Answer:
Null hypothesis: H0 = 0.50
Alternative hypothesis: Ha < 0.50
z = -3.16
P value = P(Z<-3.16) = 0.0008
Decision we reject the null hypothesis and accept the alternative hypothesis. That is, there is convincing evidence that fewer than half of adult Americans would favor the drafting of women.
Rule
If;
P-value > significance level --- accept Null hypothesis
P-value < significance level --- reject Null hypothesis
Z score > Z(at 95% confidence interval) ---- reject Null hypothesis
Z score < Z(at 95% confidence interval) ------ accept Null hypothesis
Explanation:
Given;
n=1000 represent the random sample taken
Null hypothesis: H0 = 0.50
Alternative hypothesis: Ha < 0.50
Test statistic z score can be calculated with the formula below;
z = (p^−po)/√{po(1−po)/n}
Where,
z= Test statistics
n = Sample size = 1000
po = Null hypothesized value = 0.50
p^ = Observed proportion = 0.45
Substituting the values we have
z = (0.45-0.50)/√{0.50(1-0.50)/1000}
z = -3.16
z = -3.16
To determine the p value (test statistic) at 0.05 significance level, using a one tailed hypothesis.

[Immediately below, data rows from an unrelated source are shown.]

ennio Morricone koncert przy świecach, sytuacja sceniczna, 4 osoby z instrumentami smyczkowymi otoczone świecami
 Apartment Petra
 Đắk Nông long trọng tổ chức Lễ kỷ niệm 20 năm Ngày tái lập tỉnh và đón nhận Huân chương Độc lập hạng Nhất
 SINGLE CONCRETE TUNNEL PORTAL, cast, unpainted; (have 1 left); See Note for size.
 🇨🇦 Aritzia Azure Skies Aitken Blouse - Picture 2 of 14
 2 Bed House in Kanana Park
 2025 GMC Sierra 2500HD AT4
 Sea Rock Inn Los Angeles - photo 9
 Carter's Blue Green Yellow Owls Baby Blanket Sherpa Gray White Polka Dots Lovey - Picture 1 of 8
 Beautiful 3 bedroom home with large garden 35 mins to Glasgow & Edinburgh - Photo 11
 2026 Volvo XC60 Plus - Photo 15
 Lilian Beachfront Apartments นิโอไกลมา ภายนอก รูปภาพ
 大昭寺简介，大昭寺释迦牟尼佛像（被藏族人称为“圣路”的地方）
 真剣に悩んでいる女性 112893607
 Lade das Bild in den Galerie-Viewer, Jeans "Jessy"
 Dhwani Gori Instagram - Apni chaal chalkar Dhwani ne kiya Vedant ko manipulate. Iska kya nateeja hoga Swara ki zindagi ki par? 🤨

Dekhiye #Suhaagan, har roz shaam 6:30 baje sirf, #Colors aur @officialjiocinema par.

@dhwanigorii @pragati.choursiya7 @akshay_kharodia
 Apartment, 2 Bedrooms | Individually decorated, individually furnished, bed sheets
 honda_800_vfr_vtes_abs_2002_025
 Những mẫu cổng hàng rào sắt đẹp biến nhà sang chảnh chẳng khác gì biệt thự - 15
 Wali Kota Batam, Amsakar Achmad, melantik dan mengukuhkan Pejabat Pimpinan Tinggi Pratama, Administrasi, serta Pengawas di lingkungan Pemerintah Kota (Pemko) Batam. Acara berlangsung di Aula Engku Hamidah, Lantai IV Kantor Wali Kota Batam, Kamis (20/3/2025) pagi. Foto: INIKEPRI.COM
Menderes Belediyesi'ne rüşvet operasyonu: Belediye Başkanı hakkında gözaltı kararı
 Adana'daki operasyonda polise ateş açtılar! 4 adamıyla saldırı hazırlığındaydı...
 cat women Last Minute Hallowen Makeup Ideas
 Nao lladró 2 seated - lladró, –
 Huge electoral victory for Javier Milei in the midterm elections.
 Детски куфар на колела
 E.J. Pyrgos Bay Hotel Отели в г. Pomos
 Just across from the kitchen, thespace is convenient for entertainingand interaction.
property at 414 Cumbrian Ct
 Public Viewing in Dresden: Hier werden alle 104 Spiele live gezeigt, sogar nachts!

P value = P(Z<-3.16) = 0.0008
Since z at 0.05 significance level is between -1.96 and +1.96 and the z score for the test (z = -3.16) which doesn't falls with the region bounded by Z at 0.05 significance level. And also the one-tailed hypothesis P-value is 0.0008 which is lower than 0.05. Then we can conclude that we have enough evidence to FAIL or reject the null hypothesis, and we can say that at 5% significance level the null hypothesis is invalid, therefore we accept the alternative hypothesis.